| WHAT TO PRODUCE |
Look below for the line containing "New World 22FWM64032"; from there, print each line exactly up to and including the line containing "IVORY|PORT WINE|RED POP", and stop.
====
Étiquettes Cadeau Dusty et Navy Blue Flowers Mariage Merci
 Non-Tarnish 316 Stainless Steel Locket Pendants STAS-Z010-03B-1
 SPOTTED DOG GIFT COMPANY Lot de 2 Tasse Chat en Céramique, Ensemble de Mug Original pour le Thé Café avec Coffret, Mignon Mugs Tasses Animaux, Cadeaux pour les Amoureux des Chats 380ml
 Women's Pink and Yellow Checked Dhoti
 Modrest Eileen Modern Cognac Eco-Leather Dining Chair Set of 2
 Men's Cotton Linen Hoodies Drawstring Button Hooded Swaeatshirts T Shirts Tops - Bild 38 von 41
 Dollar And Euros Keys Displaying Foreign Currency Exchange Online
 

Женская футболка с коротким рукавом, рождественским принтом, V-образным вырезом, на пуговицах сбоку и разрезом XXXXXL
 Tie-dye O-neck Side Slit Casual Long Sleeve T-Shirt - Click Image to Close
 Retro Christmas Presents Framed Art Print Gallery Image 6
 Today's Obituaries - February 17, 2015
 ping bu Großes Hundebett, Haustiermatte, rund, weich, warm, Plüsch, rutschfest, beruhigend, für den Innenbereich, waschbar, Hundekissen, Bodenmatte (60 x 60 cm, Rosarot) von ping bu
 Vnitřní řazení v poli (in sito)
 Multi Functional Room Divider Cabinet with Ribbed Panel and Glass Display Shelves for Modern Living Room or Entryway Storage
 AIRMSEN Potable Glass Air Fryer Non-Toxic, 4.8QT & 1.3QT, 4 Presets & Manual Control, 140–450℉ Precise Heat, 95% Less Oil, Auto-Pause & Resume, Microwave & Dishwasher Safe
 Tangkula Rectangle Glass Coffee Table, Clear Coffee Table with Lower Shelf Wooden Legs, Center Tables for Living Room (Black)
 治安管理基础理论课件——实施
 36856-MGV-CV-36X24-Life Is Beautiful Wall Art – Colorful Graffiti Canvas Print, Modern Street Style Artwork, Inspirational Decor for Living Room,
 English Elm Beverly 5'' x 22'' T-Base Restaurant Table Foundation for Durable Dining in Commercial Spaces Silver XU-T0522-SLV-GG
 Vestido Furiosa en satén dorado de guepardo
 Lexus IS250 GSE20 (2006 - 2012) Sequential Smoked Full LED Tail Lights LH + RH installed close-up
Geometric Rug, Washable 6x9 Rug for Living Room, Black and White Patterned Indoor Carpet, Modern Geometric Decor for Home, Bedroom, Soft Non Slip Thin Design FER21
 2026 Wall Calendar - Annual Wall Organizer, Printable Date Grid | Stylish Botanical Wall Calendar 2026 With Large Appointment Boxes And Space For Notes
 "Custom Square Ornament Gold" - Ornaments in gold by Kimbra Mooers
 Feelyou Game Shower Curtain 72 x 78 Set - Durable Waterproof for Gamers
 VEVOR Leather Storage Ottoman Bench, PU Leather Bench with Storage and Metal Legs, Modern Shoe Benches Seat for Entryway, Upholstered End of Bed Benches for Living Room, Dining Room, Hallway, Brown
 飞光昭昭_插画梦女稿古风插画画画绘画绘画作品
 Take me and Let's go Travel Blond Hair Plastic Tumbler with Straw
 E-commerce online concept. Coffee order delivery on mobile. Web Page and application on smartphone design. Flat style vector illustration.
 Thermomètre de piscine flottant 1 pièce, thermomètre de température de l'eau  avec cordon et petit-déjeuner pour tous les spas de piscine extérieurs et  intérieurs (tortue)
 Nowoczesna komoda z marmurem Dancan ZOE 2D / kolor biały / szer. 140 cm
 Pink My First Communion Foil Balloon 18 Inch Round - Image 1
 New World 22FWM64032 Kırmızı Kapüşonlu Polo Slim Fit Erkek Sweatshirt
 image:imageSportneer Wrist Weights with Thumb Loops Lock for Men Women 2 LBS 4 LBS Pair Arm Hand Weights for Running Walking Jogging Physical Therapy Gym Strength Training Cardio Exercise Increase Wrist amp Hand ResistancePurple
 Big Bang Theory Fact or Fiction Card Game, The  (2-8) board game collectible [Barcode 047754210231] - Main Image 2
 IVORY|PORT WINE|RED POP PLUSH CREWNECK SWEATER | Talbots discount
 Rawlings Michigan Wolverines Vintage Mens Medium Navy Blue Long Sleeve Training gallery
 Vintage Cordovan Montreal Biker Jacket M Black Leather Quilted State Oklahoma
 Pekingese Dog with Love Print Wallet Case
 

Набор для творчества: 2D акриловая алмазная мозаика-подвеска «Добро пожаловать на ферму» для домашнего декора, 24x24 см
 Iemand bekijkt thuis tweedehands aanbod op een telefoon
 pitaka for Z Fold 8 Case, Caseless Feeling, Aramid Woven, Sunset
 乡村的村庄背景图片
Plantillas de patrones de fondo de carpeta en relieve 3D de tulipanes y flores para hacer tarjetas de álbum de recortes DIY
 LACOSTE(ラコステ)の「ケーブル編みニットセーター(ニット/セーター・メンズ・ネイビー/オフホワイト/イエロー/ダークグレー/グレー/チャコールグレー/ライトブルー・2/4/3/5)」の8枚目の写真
====
| RESULT OF THIS TASK |
 New World 22FWM64032 Kırmızı Kapüşonlu Polo Slim Fit Erkek Sweatshirt
 image:imageSportneer Wrist Weights with Thumb Loops Lock for Men Women 2 LBS 4 LBS Pair Arm Hand Weights for Running Walking Jogging Physical Therapy Gym Strength Training Cardio Exercise Increase Wrist amp Hand ResistancePurple
 Big Bang Theory Fact or Fiction Card Game, The  (2-8) board game collectible [Barcode 047754210231] - Main Image 2
 IVORY|PORT WINE|RED POP PLUSH CREWNECK SWEATER | Talbots discount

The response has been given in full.